Nel 2002 il Consiglio europeo di Barcellona ha stabilito l’obiettivo di garantire un posto all’asilo nido per almeno il 33% dei bambini di età compresa tra 3 e 36 mesi, obiettivo innalzato al 45% nel 2022. In Italia, però, meno del 35% dei bambini sotto i tre anni frequenta questi servizi, un dato inferiore alla media europea del 37,5%.
La situazione italiana riflette una carenza nell’offerta di strutture, ma anche una certa rigidità nella domanda: molte famiglie non vedono il nido come un passaggio fondamentale per la crescita dei figli. Una ricerca condotta dal Collegio Carlo Alberto, in collaborazione con la Fondazione Ufficio Pio e la città di Torino, ha cercato di comprendere meglio le motivazioni delle famiglie torinesi che non usufruiscono dei servizi educativi per la prima infanzia. Gli autori e le organizzazioni coinvolte ne hanno parlato in un articolo pubblicato recentemente su lavoce.info.
Dallo studio, realizzato su dati riferiti a quasi 7mila famiglie torinesi, emerge che il 60% dei bambini iscritti alla scuola dell’infanzia nel 2020 non aveva frequentato in precedenza l’asilo nido. Tra i fattori che influenzano questa scelta si evidenziano, per esempio, la nazionalità dei genitori e la composizione familiare. L’occupazione della madre risulta particolarmente significativa: i nuclei con madri inattive o disoccupate hanno una probabilità molto più bassa di iscrivere i figli al nido.

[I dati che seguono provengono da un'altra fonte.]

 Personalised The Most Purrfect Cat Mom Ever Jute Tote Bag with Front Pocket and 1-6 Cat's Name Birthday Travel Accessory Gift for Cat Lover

La scarsità di informazioni gioca un ruolo rilevante: molte famiglie, in particolare quelle straniere, non sono a conoscenza dei servizi disponibili e delle agevolazioni economiche come il bonus nido. Inoltre preoccupazioni legate alla salute dei bambini, come il rischio di ammalarsi frequentemente, contribuiscono a scoraggiare la frequenza. Come si legge nell’articolo su lavoce.info “una percentuale non alta, ma comunque degna di attenzione, riporta che a sconsigliare la frequenza al nido è stato il pediatra del bambino: lo indica il 30% degli italiani e il 22% degli stranieri“.

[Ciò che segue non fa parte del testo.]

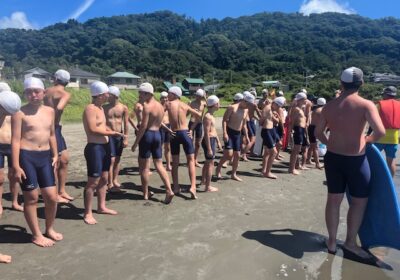 準備完了です。遠泳に出発します。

Secondo la ricerca per avvicinare le famiglie ai servizi per l’infanzia – fondamentali per prevenire la povertà educativa – è cruciale fornire informazioni chiare su costi, servizi educativi e benefici. Un’adeguata comunicazione, specialmente verso le famiglie più vulnerabili, insieme a politiche di sostegno all’occupazione femminile e all’ampliamento dell’offerta, potrebbe ridurre il divario tra l’Italia e il resto d’Europa.